A capital-intensive industry, the three major tower companies earn most of their revenue by leasing out space on communications towers they own or control, so there’s no doubt that the industry is sensitive to fluctuations in interest rates.
In general, access to inexpensive debt should allow tower companies to continue to secure new credit facilities and debt issuances, allowing tower owners to pursue growth through organic development and acquisitions, Alliance Affiliated Equities noted.
But the industry is not completely out of the woods yet, considering the Fed’s warnings that it still may raise interest rates this year.
And according to industry analysts, certain tower companies are more affected than others when interest rates do, or don’t, climb.

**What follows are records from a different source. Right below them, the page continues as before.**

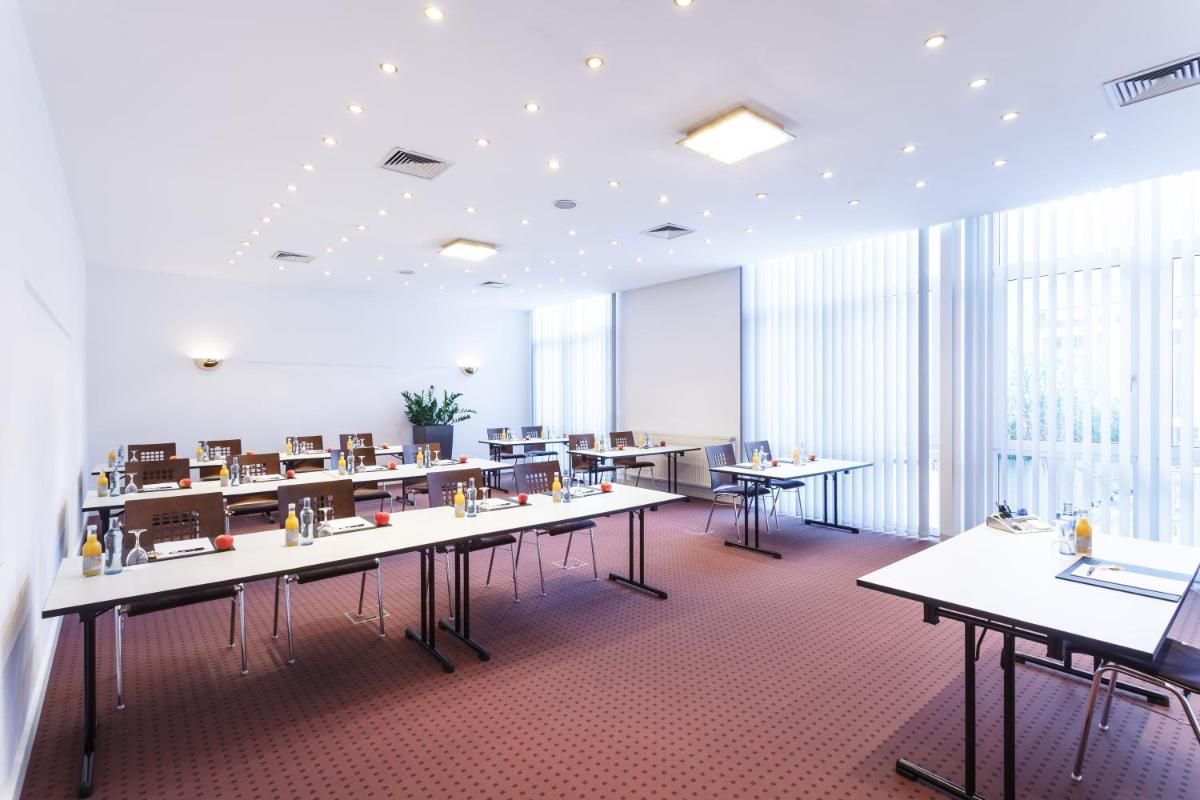 Hotel Rheingold Bild 23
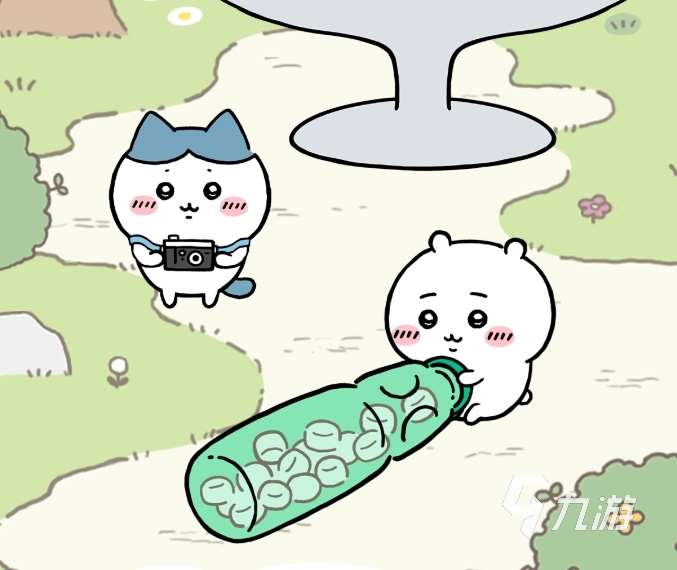 Chiikawa手游好玩嗎 ChiikawaPocket玩法內容一覽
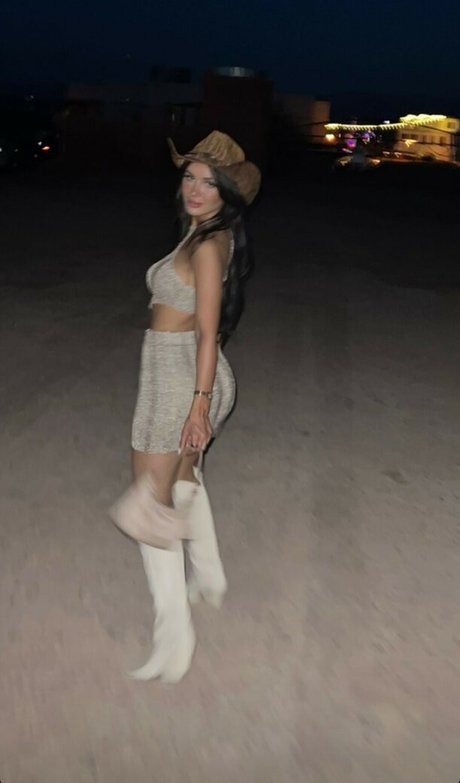 Sssniperwolf Photo nue de fuite OnlyFans de Sssniperwolf #251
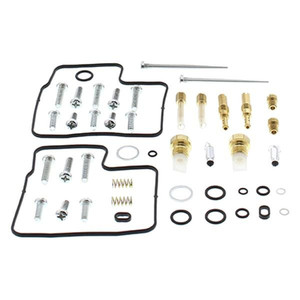 All Balls Racing - Carburetor Rebuild Kit - 26-1673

In August, Morningstar Analyst Michael Hodel wrote in a report that rising interest rates could present a problem for SBA Communications in particular.
“The firm is the most highly leveraged of the three tower companies, and it also faces relatively steep near-term debt maturities. Refinancing at higher rates would likely pressure cash flow growth,” Hodel wrote. “Higher interest rates could also cause investors to demand a higher yield for holding SBA shares, pushing its stock price lower.”
Meanwhile, Michael Bowen, Pacific Crest Securities senior research analyst, believes Crown Castle International and American Tower are the least affected by interest rate changes due to their “lower net debt-to-earnings before interest, taxes, depreciation and amortization leverage ratios.”
“Rising interest rates and tower fears need not go hand in hand,” he wrote in a June report cited by Barron’s.
In general, with or without rising interest rates, Hodel is bullish on the industry as a whole.
In a recent report, he described the business model as “fantastic” while acknowledging that interest rate sensitivity could hurt.
“The wireless tower industry provides access to fantastic cash flow and exposure to exploding wireless data demand,” Hodel said. “Long-term contracts and, more critically, high switching costs provide a narrow economic moat despite heavy customer concentration.”